Osprey Links is a master-planned community 10 to 15 minutes from Orlando’s tourist area. It has many lakes, parks, recreational trails, a golf course  and a public elementary school and middle school. The development underwent an extensive renovation between 2004 and 2007. During the renovation, the roof was upgraded, new windows were installed, counter-tops were upgraded and screened-in balconies were added, among other things. There is more than 13 million square feet of retail within five miles of Osprey Links.

 

Morris is optimistic that he will be able to sell the Osprey Links at Hunter’s Creek quickly, in spite of certain unfavorable conditions in the market. In Orlando, he says, there is still a shadow market which negatively impacts the rental market. Many of the condominiums which are sold, are sold to investors who will rent them out, says Morris. Plus, there is no job growth in Orlando.
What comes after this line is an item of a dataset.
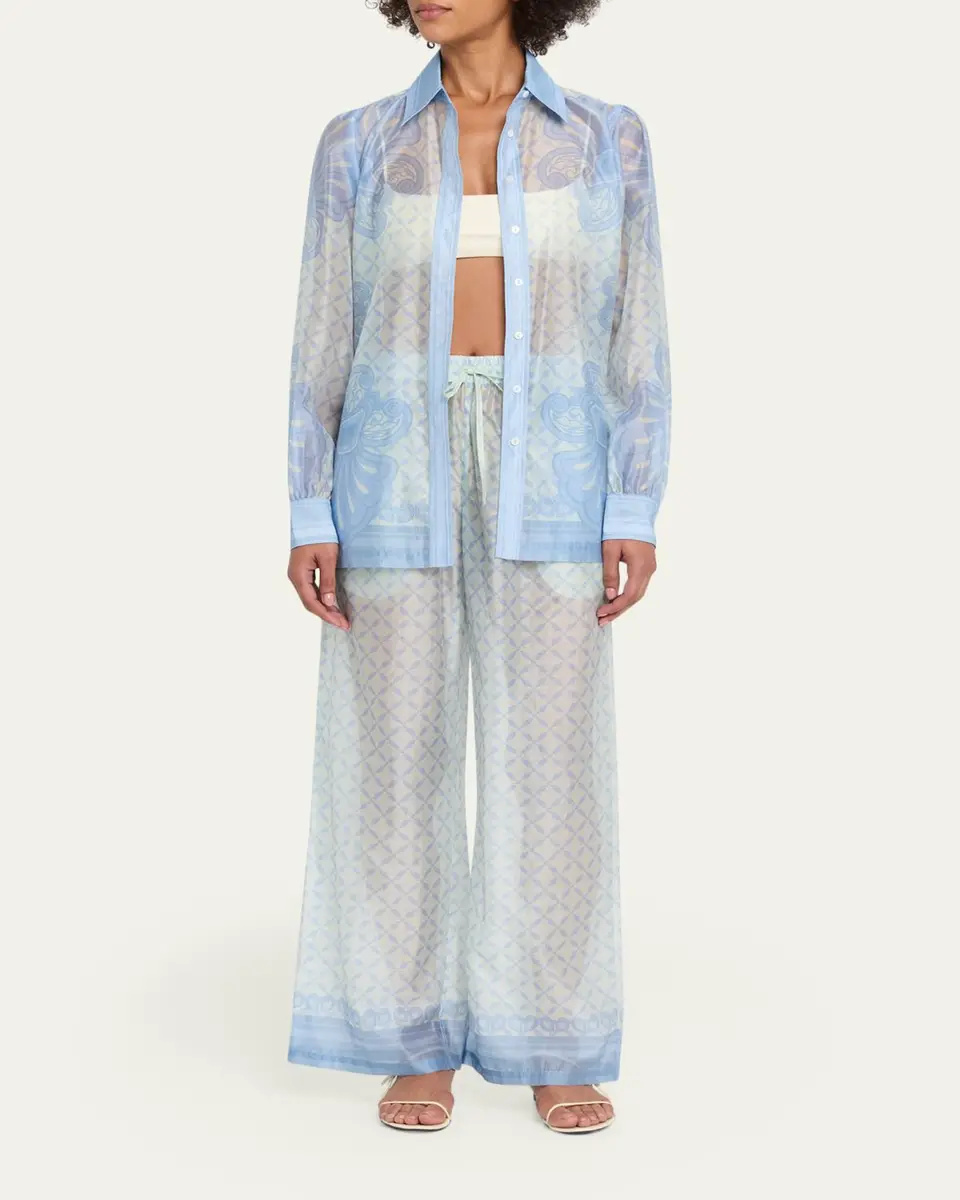 Shani Shemer Macey Wide-Leg Drawstring Pants | Thumbnail 2 Shani Shemer Macey Wide-Leg Drawstring Pants | Thumbnail 2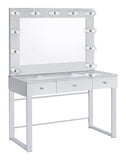 Umbridge 3-drawer Vanity with Lighting Chrome and White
And the occupancy rate for apartments in the Orlando metro area, is not that high. Morris says that it stands at 88.5%, compared to around 95% in 2006.

“But investors are paying more for apartment developments than a year ago,” says Morris, because  there are more buyers than sellers, interest rates are low and there is an unprecedented amount of money on the sidelines earning 0 percent interest, he says.  Plus, says Morris, there has been a bounce in the market of late, because everyone realizes that it has bottomed out.